"""

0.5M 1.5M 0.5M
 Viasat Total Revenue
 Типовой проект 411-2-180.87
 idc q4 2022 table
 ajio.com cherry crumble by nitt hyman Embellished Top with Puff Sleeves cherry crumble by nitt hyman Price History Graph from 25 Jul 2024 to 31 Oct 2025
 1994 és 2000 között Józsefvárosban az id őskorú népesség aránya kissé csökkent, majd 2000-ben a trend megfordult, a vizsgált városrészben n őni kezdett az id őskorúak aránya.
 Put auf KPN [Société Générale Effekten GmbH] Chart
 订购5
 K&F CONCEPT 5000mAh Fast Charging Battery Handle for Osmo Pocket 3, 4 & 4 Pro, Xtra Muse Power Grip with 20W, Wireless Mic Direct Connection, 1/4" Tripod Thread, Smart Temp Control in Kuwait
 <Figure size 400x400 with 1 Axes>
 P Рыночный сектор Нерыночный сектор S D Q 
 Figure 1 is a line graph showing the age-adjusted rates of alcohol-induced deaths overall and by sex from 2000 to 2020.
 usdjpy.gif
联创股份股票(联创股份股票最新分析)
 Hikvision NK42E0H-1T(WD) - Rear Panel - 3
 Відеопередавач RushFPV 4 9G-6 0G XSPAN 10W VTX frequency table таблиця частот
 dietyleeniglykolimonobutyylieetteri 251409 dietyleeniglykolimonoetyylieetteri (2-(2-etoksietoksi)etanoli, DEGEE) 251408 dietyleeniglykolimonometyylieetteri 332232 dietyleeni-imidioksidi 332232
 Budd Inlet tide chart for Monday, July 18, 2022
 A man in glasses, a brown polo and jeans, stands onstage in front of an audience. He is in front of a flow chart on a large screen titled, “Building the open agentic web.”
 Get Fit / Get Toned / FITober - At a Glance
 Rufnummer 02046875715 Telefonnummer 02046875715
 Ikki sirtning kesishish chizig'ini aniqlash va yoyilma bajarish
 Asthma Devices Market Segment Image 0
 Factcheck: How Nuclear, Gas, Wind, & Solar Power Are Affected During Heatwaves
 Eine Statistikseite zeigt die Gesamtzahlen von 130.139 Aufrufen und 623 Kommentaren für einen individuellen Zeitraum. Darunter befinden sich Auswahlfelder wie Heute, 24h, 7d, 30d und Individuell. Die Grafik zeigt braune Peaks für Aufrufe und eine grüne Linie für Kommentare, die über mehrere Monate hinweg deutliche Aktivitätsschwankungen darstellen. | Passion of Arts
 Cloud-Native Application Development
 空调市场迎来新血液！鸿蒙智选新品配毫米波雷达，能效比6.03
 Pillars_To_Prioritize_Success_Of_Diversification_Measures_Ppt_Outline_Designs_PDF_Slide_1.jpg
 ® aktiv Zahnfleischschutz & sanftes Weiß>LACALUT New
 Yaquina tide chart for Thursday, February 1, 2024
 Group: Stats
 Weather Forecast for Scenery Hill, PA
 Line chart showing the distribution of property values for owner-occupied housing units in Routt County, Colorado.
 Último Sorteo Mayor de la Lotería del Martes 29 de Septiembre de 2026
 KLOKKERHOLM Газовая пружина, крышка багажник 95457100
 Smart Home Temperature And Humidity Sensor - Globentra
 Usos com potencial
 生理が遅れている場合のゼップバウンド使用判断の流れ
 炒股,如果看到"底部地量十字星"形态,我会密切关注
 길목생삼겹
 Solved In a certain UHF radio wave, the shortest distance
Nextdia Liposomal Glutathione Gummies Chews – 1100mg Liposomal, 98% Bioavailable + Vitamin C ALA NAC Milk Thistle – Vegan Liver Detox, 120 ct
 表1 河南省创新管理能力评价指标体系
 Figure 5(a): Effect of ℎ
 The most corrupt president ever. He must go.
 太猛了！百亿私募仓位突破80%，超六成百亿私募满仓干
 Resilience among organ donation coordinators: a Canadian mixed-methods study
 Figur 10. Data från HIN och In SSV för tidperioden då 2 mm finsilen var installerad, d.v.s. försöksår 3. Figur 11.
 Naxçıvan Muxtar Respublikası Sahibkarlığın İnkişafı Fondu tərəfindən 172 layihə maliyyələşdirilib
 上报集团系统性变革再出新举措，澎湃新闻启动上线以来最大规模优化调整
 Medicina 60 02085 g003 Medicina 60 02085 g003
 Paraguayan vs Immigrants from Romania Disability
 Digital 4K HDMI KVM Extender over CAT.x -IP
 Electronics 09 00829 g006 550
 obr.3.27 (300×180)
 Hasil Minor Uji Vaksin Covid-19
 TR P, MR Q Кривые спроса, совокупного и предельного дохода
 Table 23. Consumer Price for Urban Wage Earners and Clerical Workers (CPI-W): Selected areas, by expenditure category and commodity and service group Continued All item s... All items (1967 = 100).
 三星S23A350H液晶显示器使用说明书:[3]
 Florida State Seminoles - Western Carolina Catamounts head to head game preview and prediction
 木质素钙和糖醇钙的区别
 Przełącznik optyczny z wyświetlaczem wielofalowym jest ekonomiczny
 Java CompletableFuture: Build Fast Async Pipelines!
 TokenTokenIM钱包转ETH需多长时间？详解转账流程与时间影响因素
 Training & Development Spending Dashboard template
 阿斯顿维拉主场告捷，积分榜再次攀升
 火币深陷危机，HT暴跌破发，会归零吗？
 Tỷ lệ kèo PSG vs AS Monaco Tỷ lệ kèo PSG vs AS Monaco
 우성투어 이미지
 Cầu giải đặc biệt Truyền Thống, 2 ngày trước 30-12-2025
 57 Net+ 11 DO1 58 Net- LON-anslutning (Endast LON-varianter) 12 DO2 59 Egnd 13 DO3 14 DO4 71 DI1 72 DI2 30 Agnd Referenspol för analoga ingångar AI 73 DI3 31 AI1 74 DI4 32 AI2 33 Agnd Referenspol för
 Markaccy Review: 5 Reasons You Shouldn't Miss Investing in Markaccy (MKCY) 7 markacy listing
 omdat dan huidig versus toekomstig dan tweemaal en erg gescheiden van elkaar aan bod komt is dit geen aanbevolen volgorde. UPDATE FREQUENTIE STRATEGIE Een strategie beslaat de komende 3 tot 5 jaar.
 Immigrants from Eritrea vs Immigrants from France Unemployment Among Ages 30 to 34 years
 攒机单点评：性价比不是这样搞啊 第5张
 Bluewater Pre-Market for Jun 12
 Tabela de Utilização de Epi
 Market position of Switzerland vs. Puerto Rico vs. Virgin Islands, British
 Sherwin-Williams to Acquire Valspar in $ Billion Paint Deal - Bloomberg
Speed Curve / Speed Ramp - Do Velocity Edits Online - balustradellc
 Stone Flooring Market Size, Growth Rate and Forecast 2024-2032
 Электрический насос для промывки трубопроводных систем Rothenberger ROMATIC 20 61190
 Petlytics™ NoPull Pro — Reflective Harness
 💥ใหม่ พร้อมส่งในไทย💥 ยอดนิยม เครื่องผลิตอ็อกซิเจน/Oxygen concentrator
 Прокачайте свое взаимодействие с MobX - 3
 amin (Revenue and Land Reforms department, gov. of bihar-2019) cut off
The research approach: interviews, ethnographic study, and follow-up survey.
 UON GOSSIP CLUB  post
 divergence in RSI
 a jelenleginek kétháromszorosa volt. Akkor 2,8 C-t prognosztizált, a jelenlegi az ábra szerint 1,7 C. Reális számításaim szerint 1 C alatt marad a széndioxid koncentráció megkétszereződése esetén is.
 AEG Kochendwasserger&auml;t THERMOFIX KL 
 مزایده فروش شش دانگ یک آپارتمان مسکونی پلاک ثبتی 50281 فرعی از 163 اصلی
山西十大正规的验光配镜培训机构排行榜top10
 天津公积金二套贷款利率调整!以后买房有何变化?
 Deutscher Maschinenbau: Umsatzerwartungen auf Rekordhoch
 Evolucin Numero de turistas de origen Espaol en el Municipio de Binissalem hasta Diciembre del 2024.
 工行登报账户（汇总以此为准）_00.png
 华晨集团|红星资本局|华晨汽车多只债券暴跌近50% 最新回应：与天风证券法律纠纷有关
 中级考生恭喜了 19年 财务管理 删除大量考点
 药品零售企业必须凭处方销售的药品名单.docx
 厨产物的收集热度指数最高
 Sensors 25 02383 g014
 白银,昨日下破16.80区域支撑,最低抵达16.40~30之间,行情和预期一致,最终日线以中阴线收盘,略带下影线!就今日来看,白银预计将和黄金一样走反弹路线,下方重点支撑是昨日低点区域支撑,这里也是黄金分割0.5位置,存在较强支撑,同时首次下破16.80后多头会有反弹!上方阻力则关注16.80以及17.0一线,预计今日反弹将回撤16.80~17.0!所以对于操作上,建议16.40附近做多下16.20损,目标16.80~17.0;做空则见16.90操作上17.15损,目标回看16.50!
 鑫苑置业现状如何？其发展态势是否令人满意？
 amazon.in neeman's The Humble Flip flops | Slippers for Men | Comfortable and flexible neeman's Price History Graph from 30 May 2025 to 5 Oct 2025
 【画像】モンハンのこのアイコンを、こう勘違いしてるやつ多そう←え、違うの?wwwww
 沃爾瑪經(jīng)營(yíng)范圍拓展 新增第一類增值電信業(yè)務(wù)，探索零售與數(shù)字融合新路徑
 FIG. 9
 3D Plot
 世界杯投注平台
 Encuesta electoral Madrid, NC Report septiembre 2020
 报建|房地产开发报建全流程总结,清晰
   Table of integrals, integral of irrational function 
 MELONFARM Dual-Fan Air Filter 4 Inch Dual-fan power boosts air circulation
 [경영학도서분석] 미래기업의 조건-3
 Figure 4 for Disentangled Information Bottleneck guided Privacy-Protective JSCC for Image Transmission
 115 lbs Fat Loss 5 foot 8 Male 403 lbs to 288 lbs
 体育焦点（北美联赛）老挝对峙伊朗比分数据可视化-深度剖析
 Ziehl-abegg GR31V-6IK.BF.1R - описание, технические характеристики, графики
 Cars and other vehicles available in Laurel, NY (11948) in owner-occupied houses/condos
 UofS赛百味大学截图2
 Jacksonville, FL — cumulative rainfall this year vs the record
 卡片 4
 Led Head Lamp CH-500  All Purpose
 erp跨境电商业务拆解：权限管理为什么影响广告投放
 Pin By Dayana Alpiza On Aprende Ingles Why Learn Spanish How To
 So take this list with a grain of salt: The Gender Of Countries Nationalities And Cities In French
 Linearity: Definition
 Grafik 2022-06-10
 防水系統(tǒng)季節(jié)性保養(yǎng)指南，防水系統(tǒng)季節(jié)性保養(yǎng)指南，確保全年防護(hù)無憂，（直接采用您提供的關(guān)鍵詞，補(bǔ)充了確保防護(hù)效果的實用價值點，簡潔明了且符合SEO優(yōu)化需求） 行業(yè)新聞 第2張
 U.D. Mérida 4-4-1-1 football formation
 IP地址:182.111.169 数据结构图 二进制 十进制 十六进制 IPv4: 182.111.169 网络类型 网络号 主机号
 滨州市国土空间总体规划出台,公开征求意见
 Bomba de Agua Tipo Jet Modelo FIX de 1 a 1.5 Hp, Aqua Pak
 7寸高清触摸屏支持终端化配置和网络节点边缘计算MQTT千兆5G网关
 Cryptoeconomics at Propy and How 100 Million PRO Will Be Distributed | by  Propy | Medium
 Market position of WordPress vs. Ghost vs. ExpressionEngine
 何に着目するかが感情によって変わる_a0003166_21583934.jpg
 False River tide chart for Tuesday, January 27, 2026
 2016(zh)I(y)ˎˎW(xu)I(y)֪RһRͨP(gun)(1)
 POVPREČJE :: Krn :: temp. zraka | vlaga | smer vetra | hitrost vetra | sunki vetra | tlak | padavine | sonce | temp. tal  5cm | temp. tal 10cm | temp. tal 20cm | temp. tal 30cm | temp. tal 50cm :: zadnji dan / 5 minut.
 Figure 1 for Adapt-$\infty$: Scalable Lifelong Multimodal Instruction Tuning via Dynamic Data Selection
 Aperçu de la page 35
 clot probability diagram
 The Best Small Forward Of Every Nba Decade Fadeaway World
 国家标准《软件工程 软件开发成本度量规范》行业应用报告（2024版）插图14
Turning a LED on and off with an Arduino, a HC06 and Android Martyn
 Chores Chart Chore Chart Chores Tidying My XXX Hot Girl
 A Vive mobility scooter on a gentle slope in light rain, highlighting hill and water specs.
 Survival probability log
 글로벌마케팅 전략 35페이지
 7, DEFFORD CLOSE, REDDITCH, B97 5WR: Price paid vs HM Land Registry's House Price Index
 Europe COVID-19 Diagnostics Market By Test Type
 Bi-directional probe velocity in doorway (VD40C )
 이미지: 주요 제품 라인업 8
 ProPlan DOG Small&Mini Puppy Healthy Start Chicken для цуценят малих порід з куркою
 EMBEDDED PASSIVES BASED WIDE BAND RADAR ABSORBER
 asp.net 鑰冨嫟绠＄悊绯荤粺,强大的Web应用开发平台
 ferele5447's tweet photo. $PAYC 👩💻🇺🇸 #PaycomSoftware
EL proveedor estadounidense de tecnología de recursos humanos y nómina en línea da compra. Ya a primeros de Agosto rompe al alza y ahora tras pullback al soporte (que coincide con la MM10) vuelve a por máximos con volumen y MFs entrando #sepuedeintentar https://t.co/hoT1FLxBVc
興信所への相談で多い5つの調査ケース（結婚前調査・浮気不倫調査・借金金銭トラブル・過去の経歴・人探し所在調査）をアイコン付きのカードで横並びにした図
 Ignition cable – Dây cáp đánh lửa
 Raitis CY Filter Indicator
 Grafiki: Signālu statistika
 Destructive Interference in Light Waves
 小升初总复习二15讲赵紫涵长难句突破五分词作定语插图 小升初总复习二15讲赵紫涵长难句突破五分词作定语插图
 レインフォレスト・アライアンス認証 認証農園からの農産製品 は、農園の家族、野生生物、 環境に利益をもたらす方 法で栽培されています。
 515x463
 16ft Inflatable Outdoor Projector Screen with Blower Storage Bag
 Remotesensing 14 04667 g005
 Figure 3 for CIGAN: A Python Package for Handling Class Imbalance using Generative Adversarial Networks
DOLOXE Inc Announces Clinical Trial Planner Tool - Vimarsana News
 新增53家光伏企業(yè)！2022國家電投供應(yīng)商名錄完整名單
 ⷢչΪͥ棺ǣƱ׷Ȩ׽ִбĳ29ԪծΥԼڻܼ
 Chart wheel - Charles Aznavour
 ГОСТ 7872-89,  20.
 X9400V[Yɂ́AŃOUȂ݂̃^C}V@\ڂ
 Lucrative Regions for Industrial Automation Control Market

"""

WHAT IS NEEDED:
Output only an exact transcription of the lines above from the one with "Ziehl-abegg GR31V-6IK.BF.1R - описание, технические" up to and including the one with "ProPlan DOG Small&Mini".

TASK OUTPUT:
 Ziehl-abegg GR31V-6IK.BF.1R - описание, технические характеристики, графики
 Cars and other vehicles available in Laurel, NY (11948) in owner-occupied houses/condos
 UofS赛百味大学截图2
 Jacksonville, FL — cumulative rainfall this year vs the record
 卡片 4
 Led Head Lamp CH-500  All Purpose
 erp跨境电商业务拆解：权限管理为什么影响广告投放
 Pin By Dayana Alpiza On Aprende Ingles Why Learn Spanish How To
 So take this list with a grain of salt: The Gender Of Countries Nationalities And Cities In French
 Linearity: Definition
 Grafik 2022-06-10
 防水系統(tǒng)季節(jié)性保養(yǎng)指南，防水系統(tǒng)季節(jié)性保養(yǎng)指南，確保全年防護(hù)無憂，（直接采用您提供的關(guān)鍵詞，補(bǔ)充了確保防護(hù)效果的實用價值點，簡潔明了且符合SEO優(yōu)化需求） 行業(yè)新聞 第2張
 U.D. Mérida 4-4-1-1 football formation
 IP地址:182.111.169 数据结构图 二进制 十进制 十六进制 IPv4: 182.111.169 网络类型 网络号 主机号
 滨州市国土空间总体规划出台,公开征求意见
 Bomba de Agua Tipo Jet Modelo FIX de 1 a 1.5 Hp, Aqua Pak
 7寸高清触摸屏支持终端化配置和网络节点边缘计算MQTT千兆5G网关
 Cryptoeconomics at Propy and How 100 Million PRO Will Be Distributed | by  Propy | Medium
 Market position of WordPress vs. Ghost vs. ExpressionEngine
 何に着目するかが感情によって変わる_a0003166_21583934.jpg
 False River tide chart for Tuesday, January 27, 2026
 2016(zh)I(y)ˎˎW(xu)I(y)֪RһRͨP(gun)(1)
 POVPREČJE :: Krn :: temp. zraka | vlaga | smer vetra | hitrost vetra | sunki vetra | tlak | padavine | sonce | temp. tal  5cm | temp. tal 10cm | temp. tal 20cm | temp. tal 30cm | temp. tal 50cm :: zadnji dan / 5 minut.
 Figure 1 for Adapt-$\infty$: Scalable Lifelong Multimodal Instruction Tuning via Dynamic Data Selection
 Aperçu de la page 35
 clot probability diagram
 The Best Small Forward Of Every Nba Decade Fadeaway World
 国家标准《软件工程 软件开发成本度量规范》行业应用报告（2024版）插图14
Turning a LED on and off with an Arduino, a HC06 and Android Martyn
 Chores Chart Chore Chart Chores Tidying My XXX Hot Girl
 A Vive mobility scooter on a gentle slope in light rain, highlighting hill and water specs.
 Survival probability log
 글로벌마케팅 전략 35페이지
 7, DEFFORD CLOSE, REDDITCH, B97 5WR: Price paid vs HM Land Registry's House Price Index
 Europe COVID-19 Diagnostics Market By Test Type
 Bi-directional probe velocity in doorway (VD40C )
 이미지: 주요 제품 라인업 8
 ProPlan DOG Small&Mini Puppy Healthy Start Chicken для цуценят малих порід з куркою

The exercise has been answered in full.